September Is BITN By Vampires!
This week we’re taking a look at “Let The Right One In,” the hit Swedish film about a young boy who befriends a vampire and was remade in Hollywood as “Let Me In,” starring Chloe Moretz and Kodi Smit-McPhee, out Oct. 1.
Directed by: Tomas Alfredson
Starring: Kåre Hedebrant, Lina Leandersson, Per Ragnar
Release date: January 26, 2008
Synopsis: Twelve-year-old Oskar, a meek child living in a suburb in Sweden, meets a girl of his own age named Eli. She initially tells him they cannot be friends, but soon they become very close, and she encourages him to stand up to the bullies who bother him at school. However, as strange things start happening in the small town, Eli’s true vampire nature is revealed, and Oskar and Eli’s friendship becomes threatened by opposing forces.

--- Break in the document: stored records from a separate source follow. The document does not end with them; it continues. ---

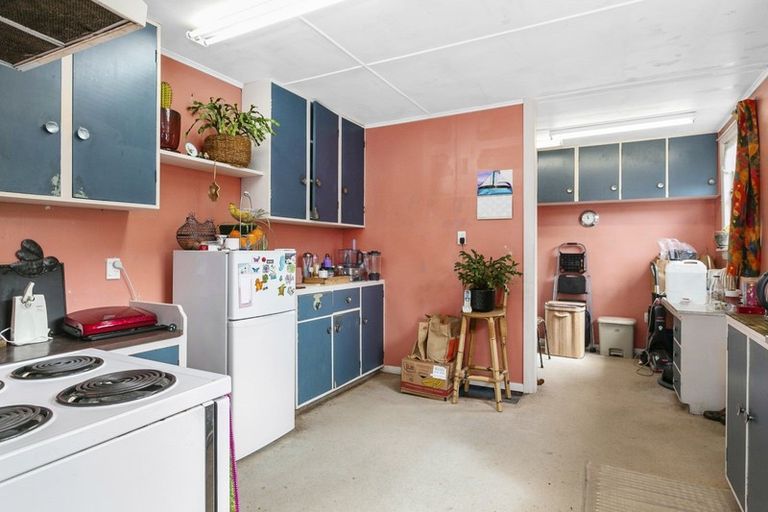 Photo of property in 14 Farley Street, Kaikorai, Dunedin, 9010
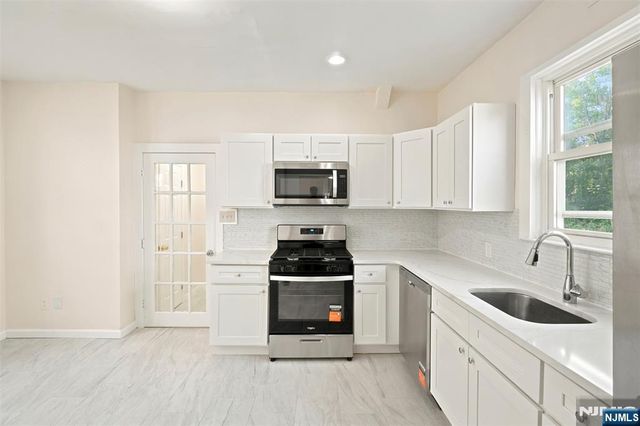 359-361 18th Street, Newark, NJ 07103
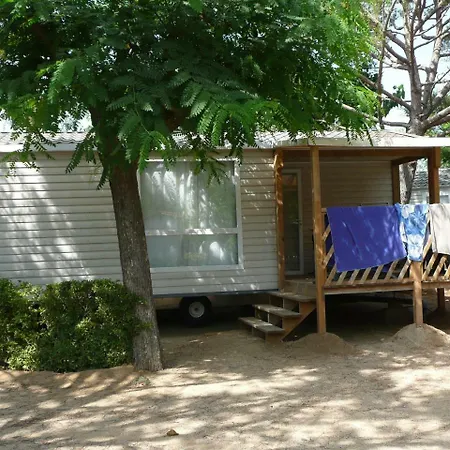 Campsite Camping Sunissim El Pla De Mar By Locatour *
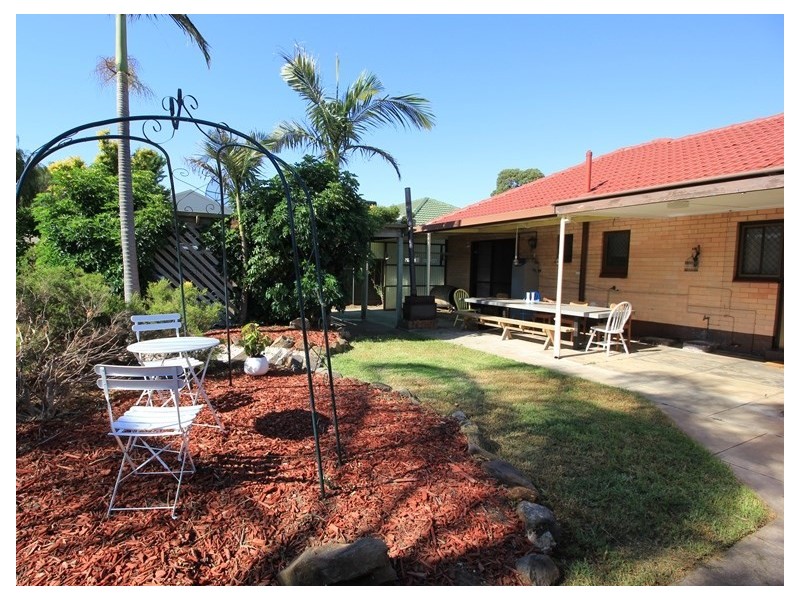 5 Montrose Avenue, Seaton SA 5023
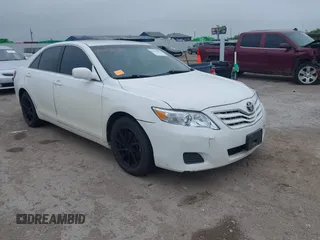 2011 Toyota Camry LE z VIN 4T1BF3EK1BU765843, wystawiony jako IAAI lot #42439067 z przebiegiem 201 817 mil mil oraz . Historia ofert i sprzedaży dostępna na DreamBid. Obrazek 1.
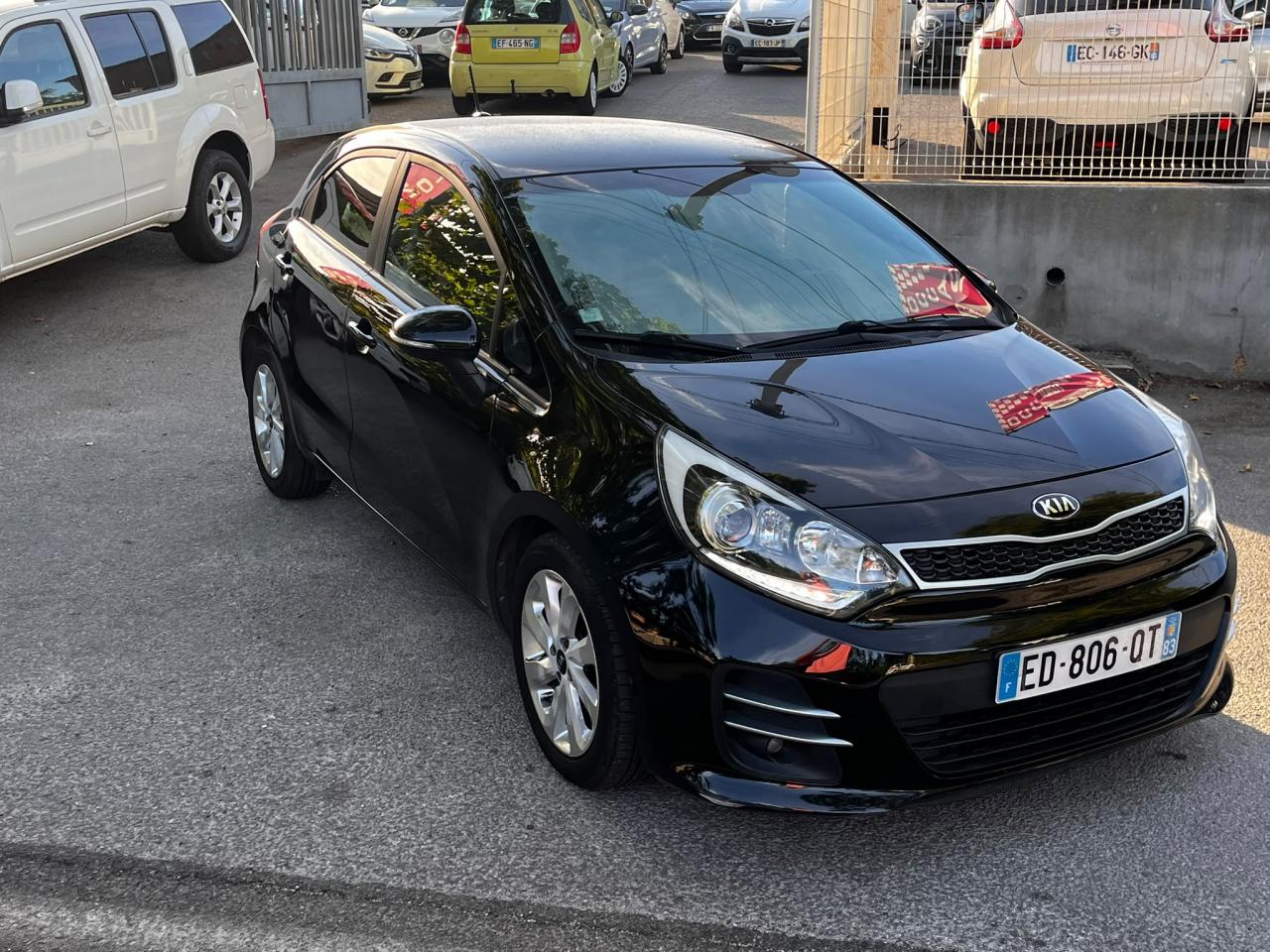 KIA RIO 1.2i - 85 - Uefa Euro SEULEMENT 89 000 KM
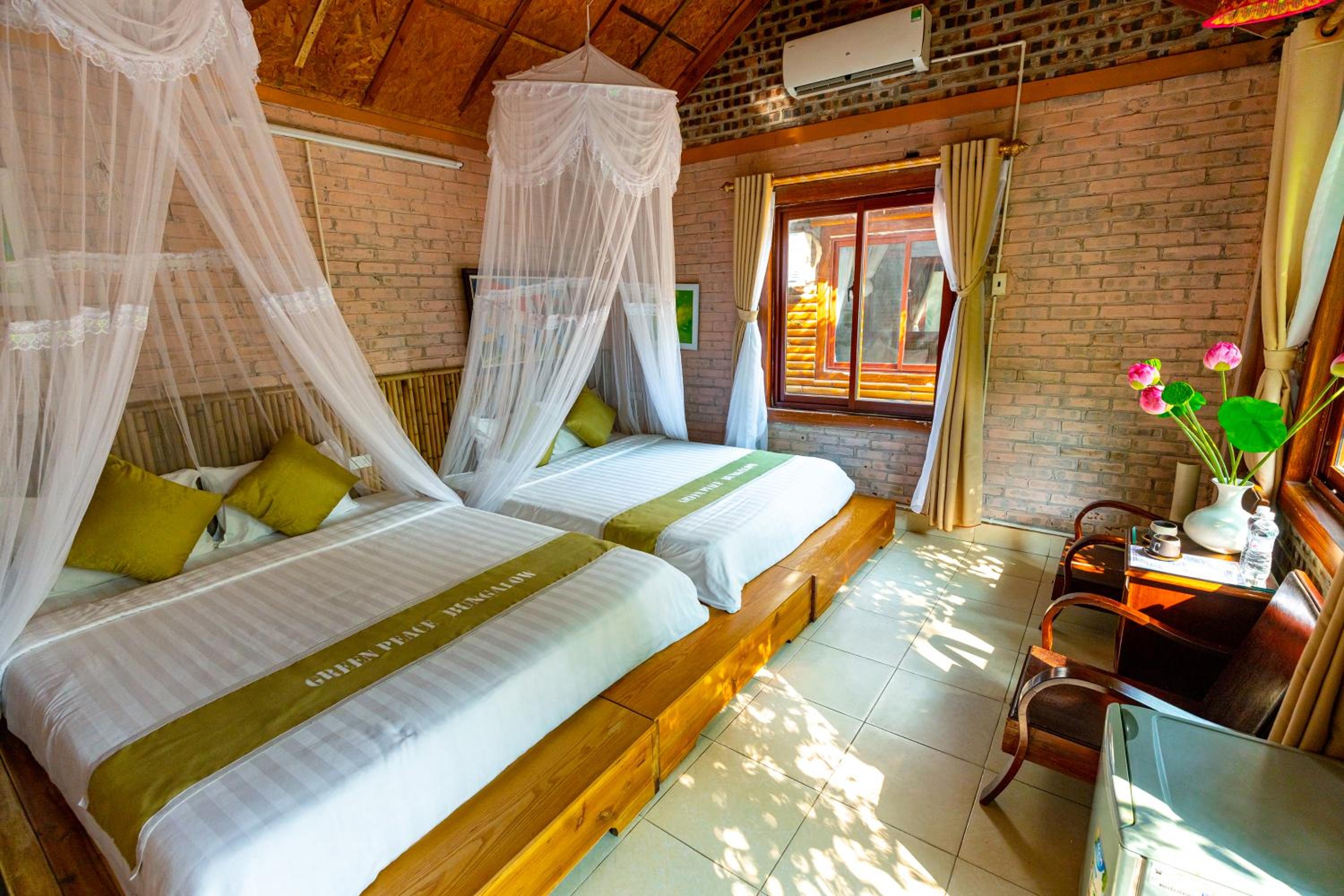 Twin Room with Pool View photo 1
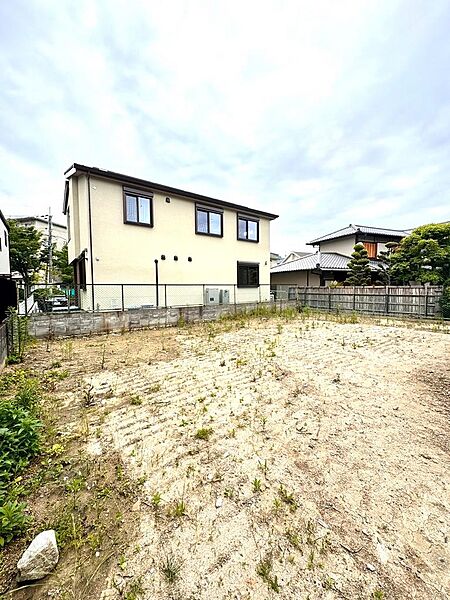 閑静な住宅街の一角です。　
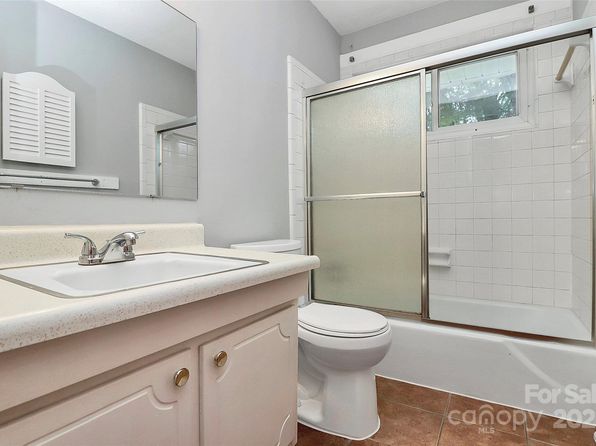 charlotte-north-carolina-299899443 picture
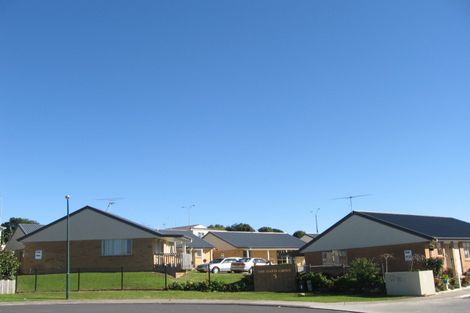 Photo of property in 5 Castlefinn Drive, Manurewa, Auckland, 2102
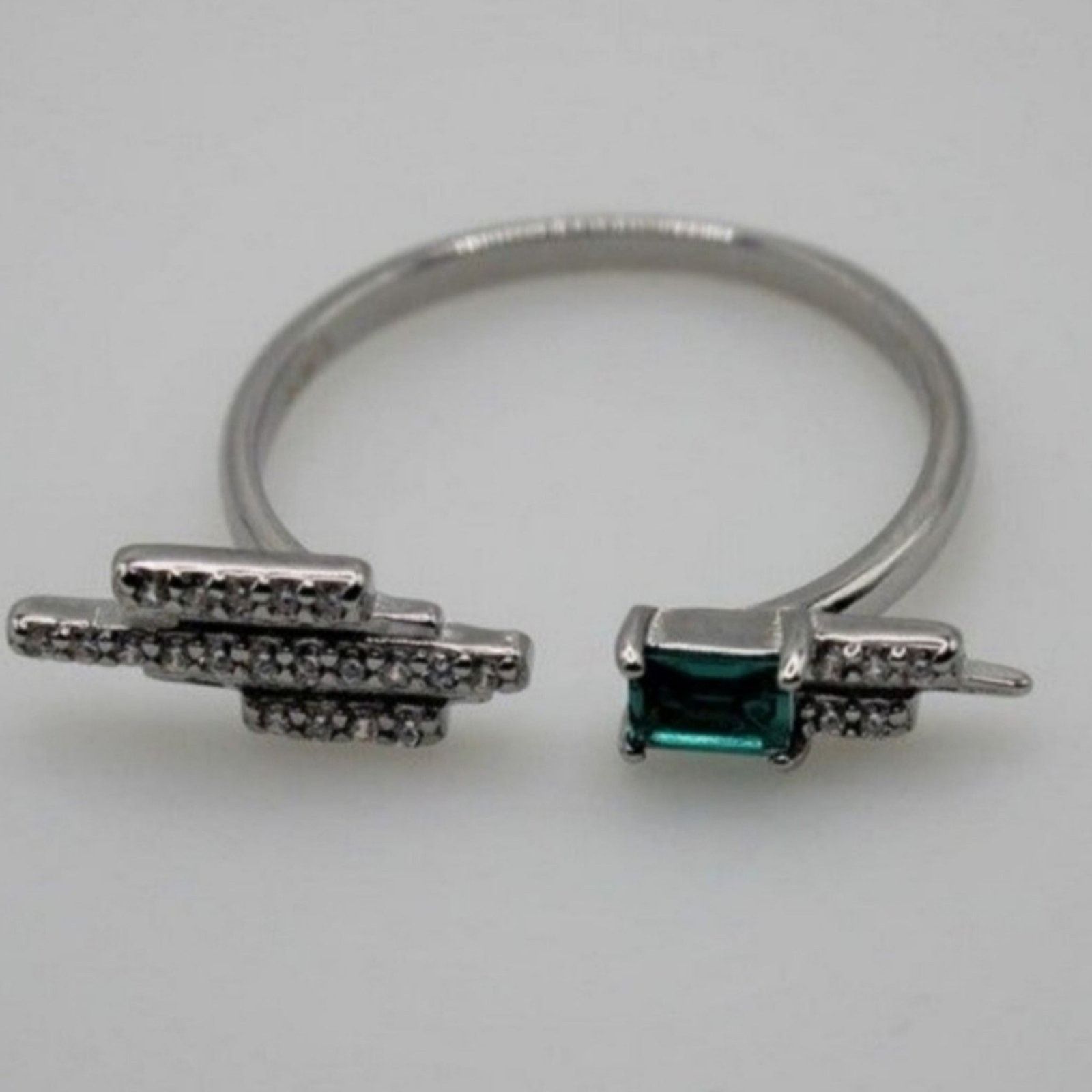 Other Gemstone Emerald Cut Topaz Open Adjustable Green OS NWT Size ONE SIZE - 8 Thumbnail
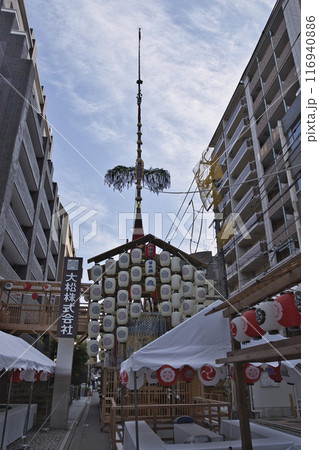 祇園祭　菊水鉾と室町通四条上ルの風景と街並み3 116940886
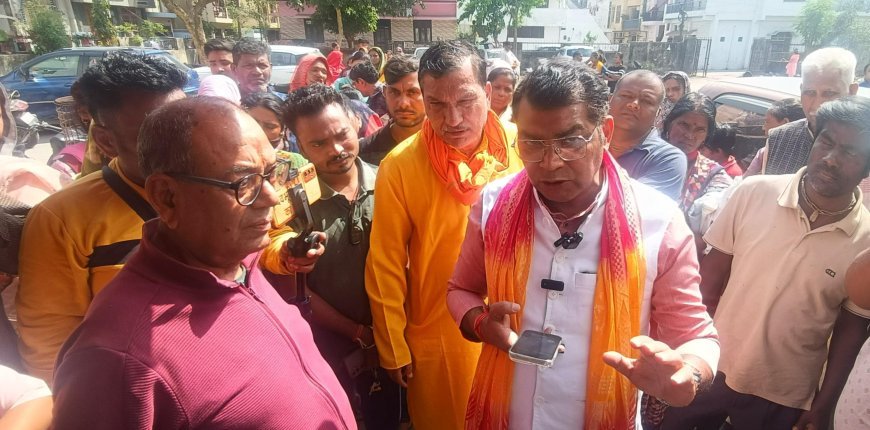 विधायक शिव अरोरा के सख्त तेवर व फटकार के बाद जागा खाद्य अपूर्ति विभाग, जिला पूर्ति अधिकारी ने लिखित आदेश जारी कर 25 मार्च से लंबित चल रहें एक माह के राशन को बटाने के लिखित आदेश किये जारी*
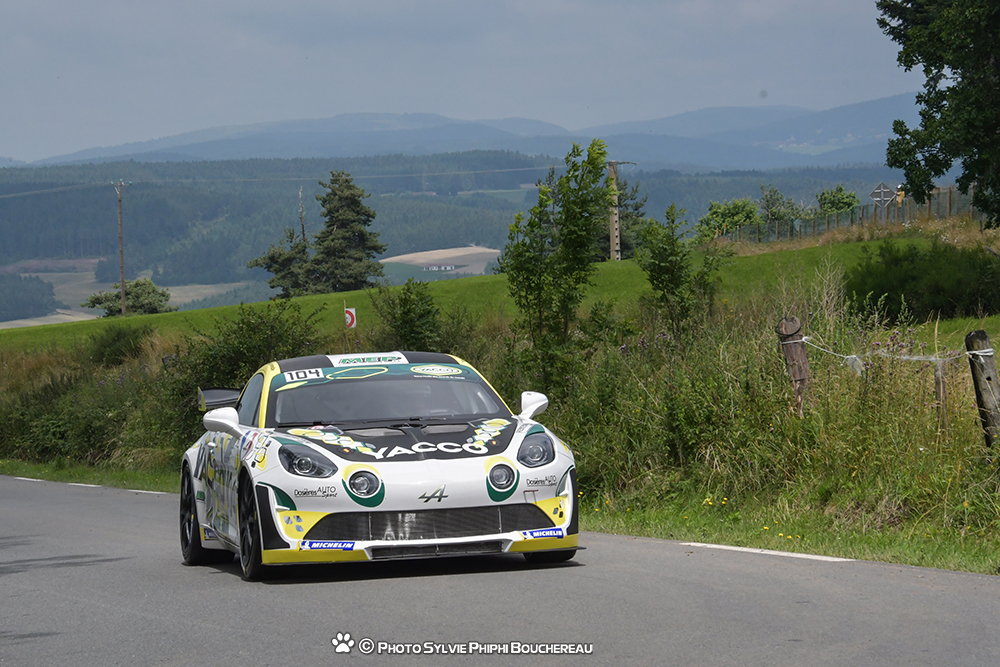 Francis Dosières leader du Challenge Open GT Sport/2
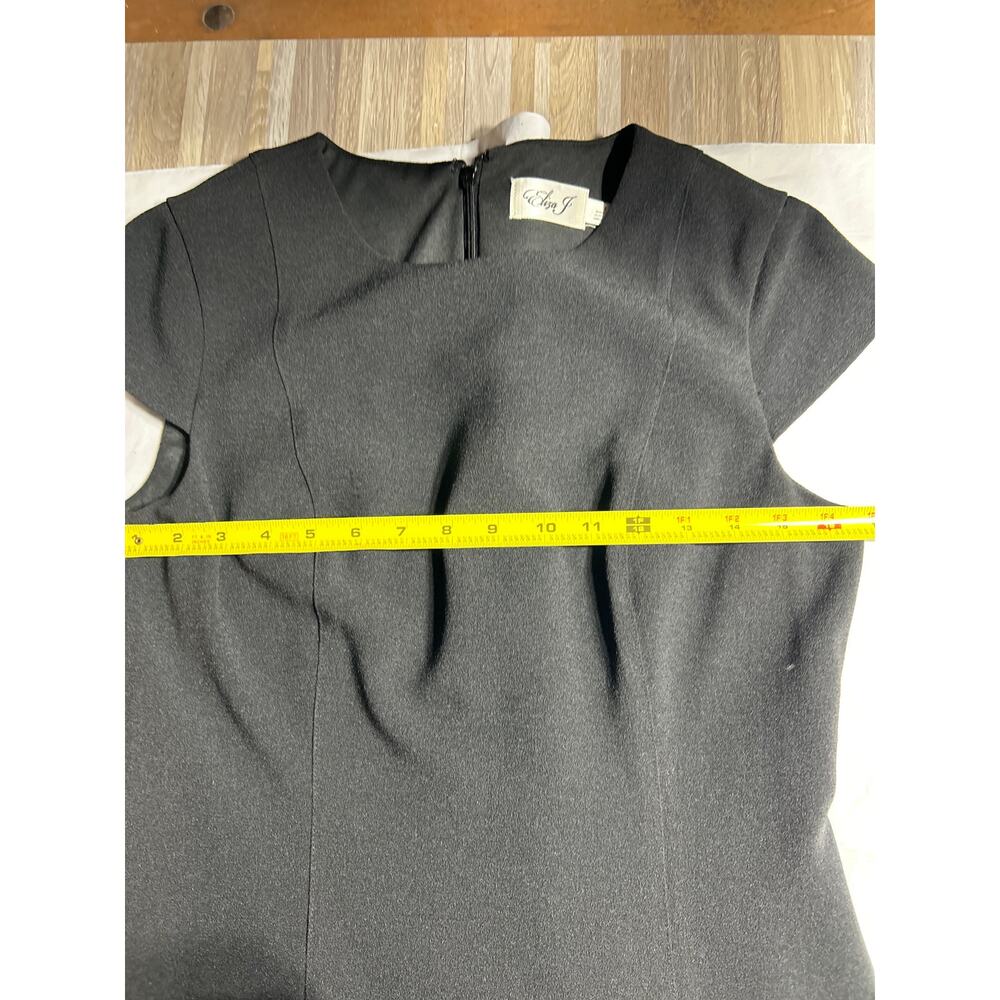 Eliza J Tiered Ruffle Crepe Sheath Dress Cap Sleeves Formal Black Dress SIZE 8 - Picture 6 of 9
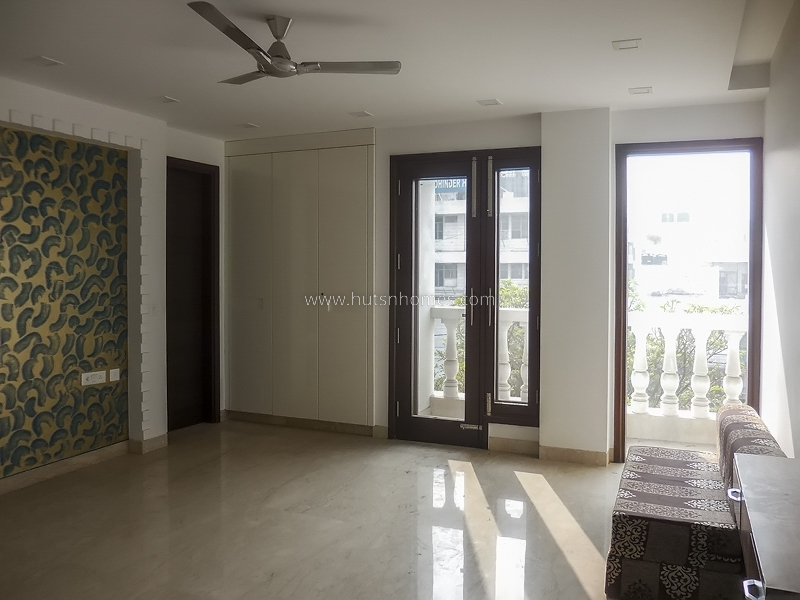 5 BHK Flat For Sale in Green Park Extension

Representation of vampires: What makes “Let The Right One In” so beautiful is its subtly. Unlike the other films we’ve looked at in previous BITN posts, the true nature of what it means to be a vampire is never explored in this film. It is true that vampires thirst for blood, and that when they are hit by sunlight they burst into flames (as shown by the ill-fated Virginia), but beyond that, vampire weaknesses and stereotypical vampire traits are never fully developed.
Good or evil: Eli definitely isn’t evil, and there is a sad shroud of innocence that surrounds her (him? It?) throughout the film. But still, as a vampire she has killed many people and causes those around her lots of harm, so she isn’t purely good either. Her relationship with Oskar is definitely a sign that she can love others, but her twisted and ultimately disastrous relationship with Håkan shows what that kind of innocence can eventually develop into. Ironically, it is that subtly that makes Eli relatably human despite the fact she is a vampire.
Why we’re BITN: Beyond the fact that this film is so darn good lies the fact that it’s simply unlike any other vampire film we’ve ever seen before. Really, it’s a character study about childhood and isolation and these very unfortunate, sad characters, that happens to be told through the guise of a vampire horror flick (though I think it’s fair to argue that “Let The Right One In” isn’t a particularly scary horror movie). The innocent love that forms between Oskar and Eli is also wonderful to behold, especially his unconditional acceptance of her for all of her flaws and abnormalities. Plus, the Swedish landscapes shown through the cinematography (done by Hoyte van Hoytema) is simply breathtaking.
Have you seen “Let the Right One In”?